Jill McGown, creator of Lloyd and Hill

The crime-writing author of the Lloyd and Hill novels has been taught by the master of suspense himself.

Unfortunately Morse creator Colin Dexter's classes for the schoolgirl Jill McGown were in Latin!

"It wasn't until I had written my first novel and Colin had moved to Oxford, that I discovered my old Latin master from Corby Grammar School was a crime novelist," she recalls.

"I discovered that we shared the same publisher, Macmillan. We even began with the same editor, the late Lord Hardinge of Penshurst, the last of the gentleman publishers.

"Colin and I have been in touch since of course, and I've followed in his footsteps thus far. Let's hope it's a good omen for Lloyd & Hill!"

The creator of television's latest detective duo Lloyd and Hill admits she has only a hazy picture of what her characters look like.

Jill admits she is more interested in the personalities of her police protagonists.

So it was with a sense of curiosity that she travelled to the set of LLOYD & HILL to watch filming and meet Michelle Collins and Philip Glenister.

"Obviously I knew what both actors looked like, so I was interested in seeing things like how Judy Hill was dressed.
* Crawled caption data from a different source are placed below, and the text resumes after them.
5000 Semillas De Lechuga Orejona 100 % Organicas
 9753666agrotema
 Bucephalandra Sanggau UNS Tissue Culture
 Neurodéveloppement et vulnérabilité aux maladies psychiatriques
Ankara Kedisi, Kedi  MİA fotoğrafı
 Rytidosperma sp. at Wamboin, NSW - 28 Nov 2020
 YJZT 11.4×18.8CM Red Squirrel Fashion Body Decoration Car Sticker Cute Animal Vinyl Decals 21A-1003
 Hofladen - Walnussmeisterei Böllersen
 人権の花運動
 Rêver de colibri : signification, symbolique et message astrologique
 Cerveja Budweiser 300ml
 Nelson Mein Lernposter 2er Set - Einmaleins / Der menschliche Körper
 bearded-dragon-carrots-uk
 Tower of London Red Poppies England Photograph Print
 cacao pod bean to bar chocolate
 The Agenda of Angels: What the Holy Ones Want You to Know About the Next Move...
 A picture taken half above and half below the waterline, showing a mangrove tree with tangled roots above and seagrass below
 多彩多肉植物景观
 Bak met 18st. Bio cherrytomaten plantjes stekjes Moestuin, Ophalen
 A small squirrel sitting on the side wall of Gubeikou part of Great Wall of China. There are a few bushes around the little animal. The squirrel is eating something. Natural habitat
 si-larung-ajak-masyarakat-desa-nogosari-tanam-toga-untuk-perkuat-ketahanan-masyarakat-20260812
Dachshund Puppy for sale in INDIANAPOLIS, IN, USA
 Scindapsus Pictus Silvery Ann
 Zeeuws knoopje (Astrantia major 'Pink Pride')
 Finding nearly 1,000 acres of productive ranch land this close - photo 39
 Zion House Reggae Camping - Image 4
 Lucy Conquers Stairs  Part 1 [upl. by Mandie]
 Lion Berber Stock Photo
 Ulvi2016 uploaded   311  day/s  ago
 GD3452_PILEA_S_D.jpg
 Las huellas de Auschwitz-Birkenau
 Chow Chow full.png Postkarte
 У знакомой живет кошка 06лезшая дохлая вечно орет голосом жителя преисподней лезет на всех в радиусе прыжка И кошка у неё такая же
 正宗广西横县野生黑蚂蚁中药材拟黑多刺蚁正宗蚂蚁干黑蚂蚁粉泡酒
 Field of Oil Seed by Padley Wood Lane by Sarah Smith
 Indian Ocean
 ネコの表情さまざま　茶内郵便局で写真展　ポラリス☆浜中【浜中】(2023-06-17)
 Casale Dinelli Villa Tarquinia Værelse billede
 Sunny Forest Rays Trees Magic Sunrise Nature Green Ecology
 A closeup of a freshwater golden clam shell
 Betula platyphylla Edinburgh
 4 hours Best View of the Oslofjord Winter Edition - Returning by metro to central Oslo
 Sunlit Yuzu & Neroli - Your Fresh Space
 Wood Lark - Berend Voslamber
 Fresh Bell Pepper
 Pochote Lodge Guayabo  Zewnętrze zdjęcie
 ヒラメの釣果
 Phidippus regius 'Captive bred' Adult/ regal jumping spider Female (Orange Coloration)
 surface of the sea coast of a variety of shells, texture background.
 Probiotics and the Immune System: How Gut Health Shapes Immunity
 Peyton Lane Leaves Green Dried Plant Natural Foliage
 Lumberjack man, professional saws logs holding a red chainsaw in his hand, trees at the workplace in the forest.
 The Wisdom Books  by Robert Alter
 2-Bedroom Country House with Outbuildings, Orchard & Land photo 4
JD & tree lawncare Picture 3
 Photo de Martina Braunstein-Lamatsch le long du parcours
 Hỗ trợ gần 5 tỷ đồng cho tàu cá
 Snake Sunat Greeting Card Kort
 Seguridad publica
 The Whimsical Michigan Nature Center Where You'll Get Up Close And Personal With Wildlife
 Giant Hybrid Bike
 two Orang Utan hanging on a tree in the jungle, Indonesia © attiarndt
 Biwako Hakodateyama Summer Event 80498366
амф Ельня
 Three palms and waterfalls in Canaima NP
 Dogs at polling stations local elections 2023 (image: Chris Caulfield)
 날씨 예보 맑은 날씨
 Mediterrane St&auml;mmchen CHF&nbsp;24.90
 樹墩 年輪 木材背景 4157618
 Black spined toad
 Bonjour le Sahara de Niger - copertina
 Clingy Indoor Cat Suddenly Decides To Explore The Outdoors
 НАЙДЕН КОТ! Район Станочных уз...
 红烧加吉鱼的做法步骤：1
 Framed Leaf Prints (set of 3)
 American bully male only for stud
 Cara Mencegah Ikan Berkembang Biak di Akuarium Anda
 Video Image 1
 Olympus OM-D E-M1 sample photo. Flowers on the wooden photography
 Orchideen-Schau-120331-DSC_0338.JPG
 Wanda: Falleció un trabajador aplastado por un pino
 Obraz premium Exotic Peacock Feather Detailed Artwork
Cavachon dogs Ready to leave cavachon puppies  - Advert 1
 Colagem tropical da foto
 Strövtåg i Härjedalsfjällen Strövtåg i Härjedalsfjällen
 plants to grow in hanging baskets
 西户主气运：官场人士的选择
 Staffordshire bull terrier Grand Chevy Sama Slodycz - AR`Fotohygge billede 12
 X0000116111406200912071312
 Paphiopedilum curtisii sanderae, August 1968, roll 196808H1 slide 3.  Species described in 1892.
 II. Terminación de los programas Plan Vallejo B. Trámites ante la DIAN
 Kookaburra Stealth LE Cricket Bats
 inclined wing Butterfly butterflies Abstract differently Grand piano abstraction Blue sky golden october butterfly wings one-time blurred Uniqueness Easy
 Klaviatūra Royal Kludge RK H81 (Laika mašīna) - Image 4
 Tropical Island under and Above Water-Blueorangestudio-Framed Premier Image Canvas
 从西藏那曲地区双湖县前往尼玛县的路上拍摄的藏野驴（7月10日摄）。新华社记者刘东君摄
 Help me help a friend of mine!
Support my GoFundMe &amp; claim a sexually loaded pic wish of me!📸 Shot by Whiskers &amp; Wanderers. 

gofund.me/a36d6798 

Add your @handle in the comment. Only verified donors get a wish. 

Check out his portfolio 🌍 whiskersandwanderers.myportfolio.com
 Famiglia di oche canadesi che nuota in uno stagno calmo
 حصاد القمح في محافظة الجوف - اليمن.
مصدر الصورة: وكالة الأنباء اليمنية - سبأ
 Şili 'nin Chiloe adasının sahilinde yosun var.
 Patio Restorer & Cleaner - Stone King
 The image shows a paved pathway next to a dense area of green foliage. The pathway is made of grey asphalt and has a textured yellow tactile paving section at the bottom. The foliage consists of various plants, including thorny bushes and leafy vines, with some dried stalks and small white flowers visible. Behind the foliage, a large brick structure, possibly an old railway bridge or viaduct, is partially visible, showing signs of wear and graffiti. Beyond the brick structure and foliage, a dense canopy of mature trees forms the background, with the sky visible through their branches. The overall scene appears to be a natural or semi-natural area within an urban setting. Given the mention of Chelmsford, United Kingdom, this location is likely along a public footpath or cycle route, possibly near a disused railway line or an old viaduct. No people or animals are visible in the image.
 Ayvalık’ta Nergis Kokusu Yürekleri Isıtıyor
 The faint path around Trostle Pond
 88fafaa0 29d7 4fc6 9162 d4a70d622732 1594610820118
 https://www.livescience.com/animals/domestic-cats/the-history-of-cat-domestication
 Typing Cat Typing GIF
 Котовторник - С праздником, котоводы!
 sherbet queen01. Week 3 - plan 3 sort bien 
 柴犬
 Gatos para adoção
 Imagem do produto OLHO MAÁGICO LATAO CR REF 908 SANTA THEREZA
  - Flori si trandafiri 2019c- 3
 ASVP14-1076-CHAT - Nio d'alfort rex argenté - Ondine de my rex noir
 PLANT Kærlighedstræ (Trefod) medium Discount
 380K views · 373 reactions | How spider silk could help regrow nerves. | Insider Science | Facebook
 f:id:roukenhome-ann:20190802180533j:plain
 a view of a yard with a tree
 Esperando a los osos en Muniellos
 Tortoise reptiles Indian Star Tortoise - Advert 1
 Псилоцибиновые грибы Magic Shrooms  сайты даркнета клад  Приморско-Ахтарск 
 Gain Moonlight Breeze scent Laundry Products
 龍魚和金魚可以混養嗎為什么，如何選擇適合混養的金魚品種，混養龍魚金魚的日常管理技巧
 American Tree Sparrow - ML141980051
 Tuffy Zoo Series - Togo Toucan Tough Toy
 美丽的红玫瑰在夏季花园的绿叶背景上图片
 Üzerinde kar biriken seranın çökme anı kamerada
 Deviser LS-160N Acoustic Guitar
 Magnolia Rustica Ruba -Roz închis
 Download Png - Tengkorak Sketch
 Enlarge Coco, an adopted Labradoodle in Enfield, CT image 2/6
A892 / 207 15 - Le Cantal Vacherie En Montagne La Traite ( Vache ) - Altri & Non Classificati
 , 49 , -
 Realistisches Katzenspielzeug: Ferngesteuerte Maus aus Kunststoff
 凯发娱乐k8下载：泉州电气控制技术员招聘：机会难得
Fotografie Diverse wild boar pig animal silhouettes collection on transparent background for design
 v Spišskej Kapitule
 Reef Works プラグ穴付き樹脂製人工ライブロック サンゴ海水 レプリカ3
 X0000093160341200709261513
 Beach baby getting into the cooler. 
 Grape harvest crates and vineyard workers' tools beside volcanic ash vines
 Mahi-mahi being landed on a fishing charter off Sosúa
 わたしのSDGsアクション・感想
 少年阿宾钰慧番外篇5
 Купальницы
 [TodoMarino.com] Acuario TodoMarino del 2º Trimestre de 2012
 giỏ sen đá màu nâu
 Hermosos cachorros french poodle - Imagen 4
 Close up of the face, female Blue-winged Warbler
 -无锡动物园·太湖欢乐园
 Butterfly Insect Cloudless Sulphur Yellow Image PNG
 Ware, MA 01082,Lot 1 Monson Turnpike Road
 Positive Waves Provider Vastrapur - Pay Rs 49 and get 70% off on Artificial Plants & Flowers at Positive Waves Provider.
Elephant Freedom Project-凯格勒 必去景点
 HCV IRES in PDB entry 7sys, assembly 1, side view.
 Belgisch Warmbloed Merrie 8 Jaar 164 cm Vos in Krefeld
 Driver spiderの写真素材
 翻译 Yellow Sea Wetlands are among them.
By coincidence she was wearing something similar to what I had on that day!"

Lloyd and Hill first saw the light of day in 1983 when they appeared in Jill's first novel A Perfect Match.

Before becoming a full-time novelist, Argyll-born Jill had started writing short stories while working for the British Steel Corporation in Corby, where she has lived since she was ten.

"I had a story accepted by Radio 2, which, when it was read by an actress, gained a whole new slant. I like having that done with my work so I will be really interested to see a Lloyd and Hill story on screen.

"Even though I have lived with Lloyd and Hill for 18 years, I don't feel proprietorial about them."

Jill attributes her interest in crime fiction partly to her mother - "a great crime novel reader" - and speaks of Agatha Christie as one of her favourite authors.

"Even the stories I wrote at night after my day job tended to have a twist ending."

But she saw the redundancy she took from BSC as an opportunity to improve her writing.

"I knew that, with the redundancy money, I could afford to write. I had written novels but they weren't finished because I knew they weren't right."

Currently Jill has 11 Lloyd and Hill novels to her credit, with the next one due for publication in the summer of 2002. And she still continues the practice of writing in the evenings - and during the night - that she began while holding down her BSC job.

Recalling her creation of the two police officers, Jill says that Lloyd was the first to appear.

"I wanted him to be a Celt, but I thought to have made him Scottish would have pigeon-holed him and at the time for political reasons, I didn't want to have him come from Northern Ireland. That's why he ended up being Welsh!"

"He's not bad-tempered but quick to fly off the handle, which Judy Hill, who's very self-contained, finds upsetting."

Jill points out that when they first appeared in A Perfect Match, the 30-year-old Lloyd was 10 years older than the probationer Hill.

"I joke now that they live on Stansfield time - the fictitious town where the books are set - which is different to a normal time-span. Over the 12 books, and 18 years, they've probably aged about 10 years."

What do her loyal readers tell her about their appreciation of the books?

"They like the relationship between Lloyd and Hill, saying that they're the kind of people who could live next door or you could invite round for dinner."